**TASK GOAL**
Please give every line below again exactly, but not its pictures.

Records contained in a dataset
::::::
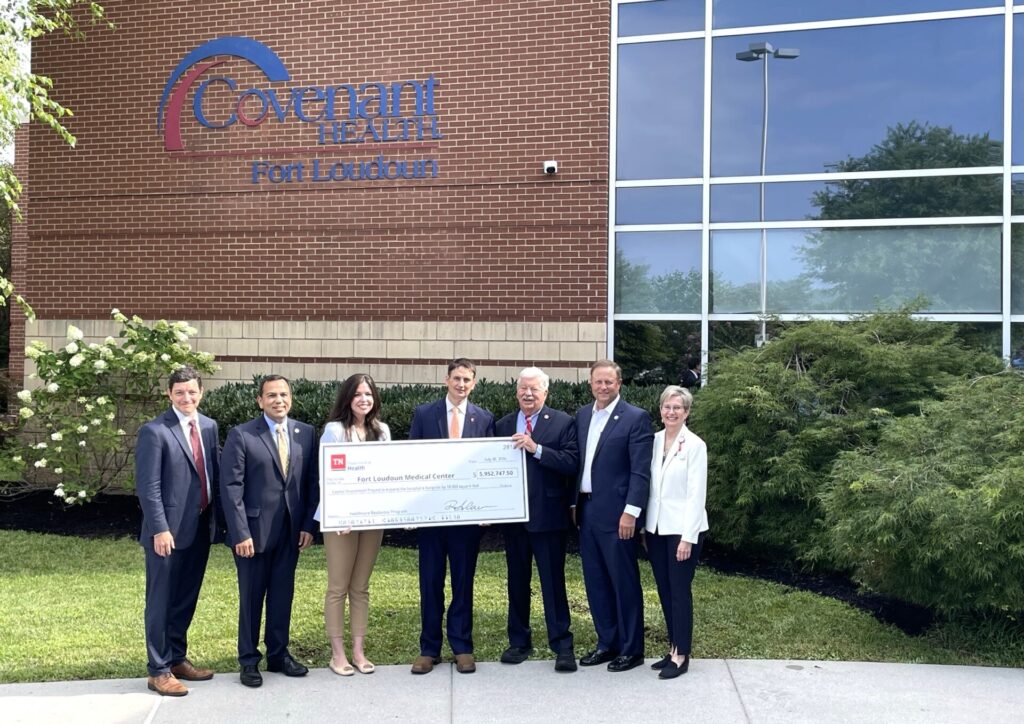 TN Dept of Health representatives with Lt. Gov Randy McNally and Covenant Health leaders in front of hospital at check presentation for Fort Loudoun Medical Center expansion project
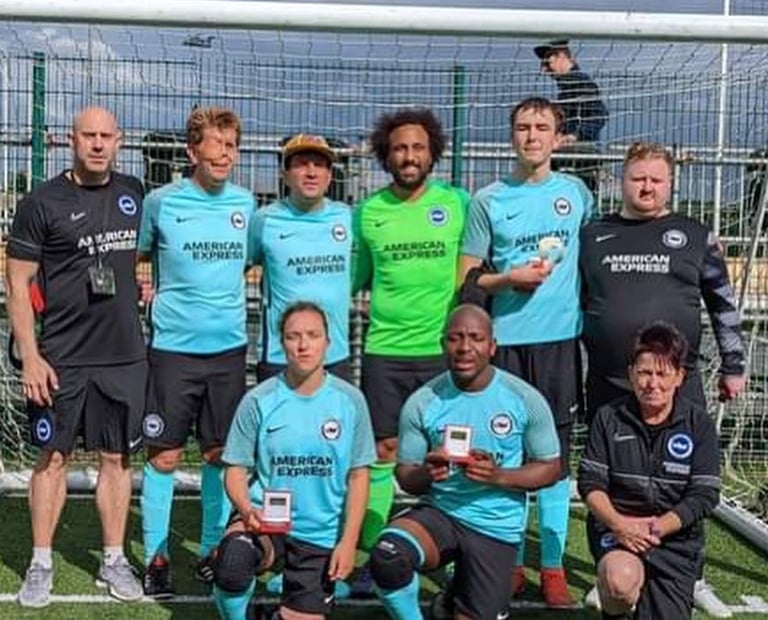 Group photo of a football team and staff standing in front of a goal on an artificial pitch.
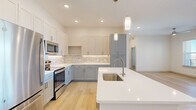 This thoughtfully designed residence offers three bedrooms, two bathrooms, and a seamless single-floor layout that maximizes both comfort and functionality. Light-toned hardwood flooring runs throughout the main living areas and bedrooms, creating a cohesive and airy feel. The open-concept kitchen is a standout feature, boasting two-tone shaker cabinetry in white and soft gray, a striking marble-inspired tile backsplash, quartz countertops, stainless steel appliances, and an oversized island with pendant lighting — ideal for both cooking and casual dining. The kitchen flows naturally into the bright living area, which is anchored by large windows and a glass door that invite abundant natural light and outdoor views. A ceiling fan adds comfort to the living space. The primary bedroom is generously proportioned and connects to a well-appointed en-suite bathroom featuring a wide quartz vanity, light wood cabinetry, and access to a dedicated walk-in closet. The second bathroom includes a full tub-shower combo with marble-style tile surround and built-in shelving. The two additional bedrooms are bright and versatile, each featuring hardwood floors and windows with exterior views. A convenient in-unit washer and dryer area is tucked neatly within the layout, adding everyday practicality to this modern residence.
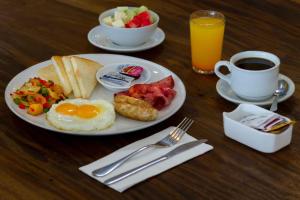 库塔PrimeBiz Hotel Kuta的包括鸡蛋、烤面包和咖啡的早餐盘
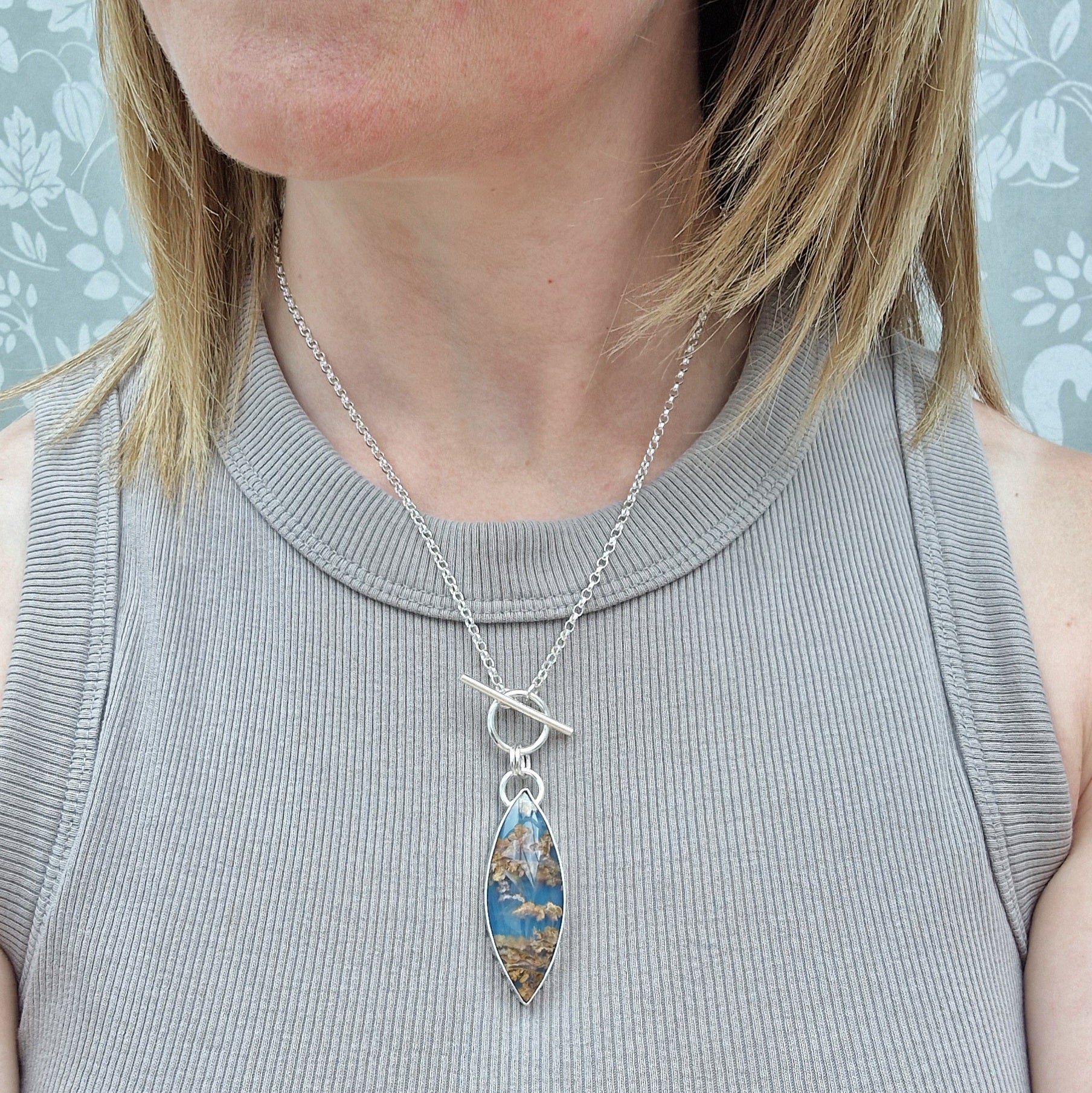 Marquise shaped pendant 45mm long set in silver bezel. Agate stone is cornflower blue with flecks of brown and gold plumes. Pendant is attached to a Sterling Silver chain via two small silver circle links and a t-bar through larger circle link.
::::::
**OUTPUT OF THE TASK**
 TN Dept of Health representatives with Lt. Gov Randy McNally and Covenant Health leaders in front of hospital at check presentation for Fort Loudoun Medical Center expansion project
 Group photo of a football team and staff standing in front of a goal on an artificial pitch.
 This thoughtfully designed residence offers three bedrooms, two bathrooms, and a seamless single-floor layout that maximizes both comfort and functionality. Light-toned hardwood flooring runs throughout the main living areas and bedrooms, creating a cohesive and airy feel. The open-concept kitchen is a standout feature, boasting two-tone shaker cabinetry in white and soft gray, a striking marble-inspired tile backsplash, quartz countertops, stainless steel appliances, and an oversized island with pendant lighting — ideal for both cooking and casual dining. The kitchen flows naturally into the bright living area, which is anchored by large windows and a glass door that invite abundant natural light and outdoor views. A ceiling fan adds comfort to the living space. The primary bedroom is generously proportioned and connects to a well-appointed en-suite bathroom featuring a wide quartz vanity, light wood cabinetry, and access to a dedicated walk-in closet. The second bathroom includes a full tub-shower combo with marble-style tile surround and built-in shelving. The two additional bedrooms are bright and versatile, each featuring hardwood floors and windows with exterior views. A convenient in-unit washer and dryer area is tucked neatly within the layout, adding everyday practicality to this modern residence.
 库塔PrimeBiz Hotel Kuta的包括鸡蛋、烤面包和咖啡的早餐盘
 Marquise shaped pendant 45mm long set in silver bezel. Agate stone is cornflower blue with flecks of brown and gold plumes. Pendant is attached to a Sterling Silver chain via two small silver circle links and a t-bar through larger circle link.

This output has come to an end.